Start in the high plank position.  Lower your right arm down to your forearm then bring your left arm down as well so you are now supported by your forearms in the low plank position.  Place your right hand on the ground and push back up, with your left hand following to arrive in the high plank position. Repeat, leading with the opposite hand each time.  Complete as many repetitions as you can (”AMRAP”).

4. Plank Lateral Jumps

Start in either the high plank (straight arms) or low plank (on forearms/elbows) position.  Keep your legs together and jump your feet from side to side.  To increase difficulty, place an object (dumbbell, step, book, pillow, etc.) next to your feet and hop over it.  Complete as many repetitions as you can.

5. Reverse Plank

Sit on the ground with your legs extended in front of you and arms at your sides. Place hands on the floor next to your hips, fingers pointing towards your feet. Squeeze your butt, open your chest and lift your hips as high as you can, aiming for a straight line from chin to toes. Hold.

6. X Plank

Start in the high plank position.  Move your legs out laterally until your feet are planted wider than hip-width apart.  Move your arms out until they are as wide as your legs.  Hold.  Beginners should start fairly narrow and work your way out wider as you gain strength.

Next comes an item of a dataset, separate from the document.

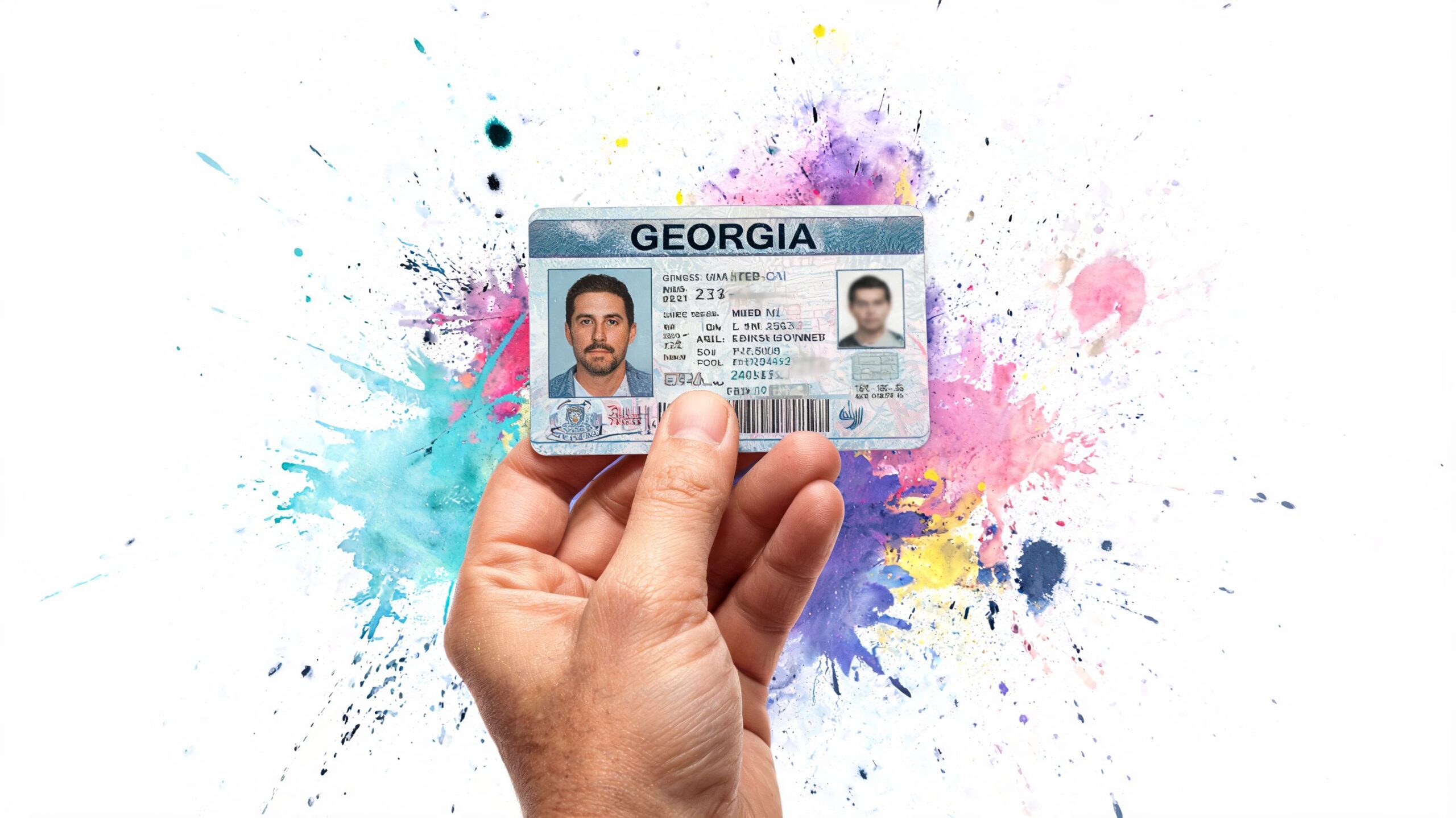 A hand holding a Georgia state identification card against a white background with colorful watercolor paint splatters.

7. Side Plank Crunch (Right Side)

Begin on low or high side plank.  Place your top hand behind your ear.  Bring your top elbow and knee together at your side.  Try not to lean forward or back.

8. Mountain Climbers

Start in high plank.  Alternating each side, bring your knee to your chest.  Use your core help lift your leg.  Complete as many reps as you can.

9. Side Plank Crunch (Left Side)

Repeat #7 on the opposite side.

10. Hip Dips

Starting in low plank (on forearms and elbows) position, slowly dip one hip towards the floor.  Bring it back up to plank position, then repeat on the opposite side.  Complete as many reps as you can.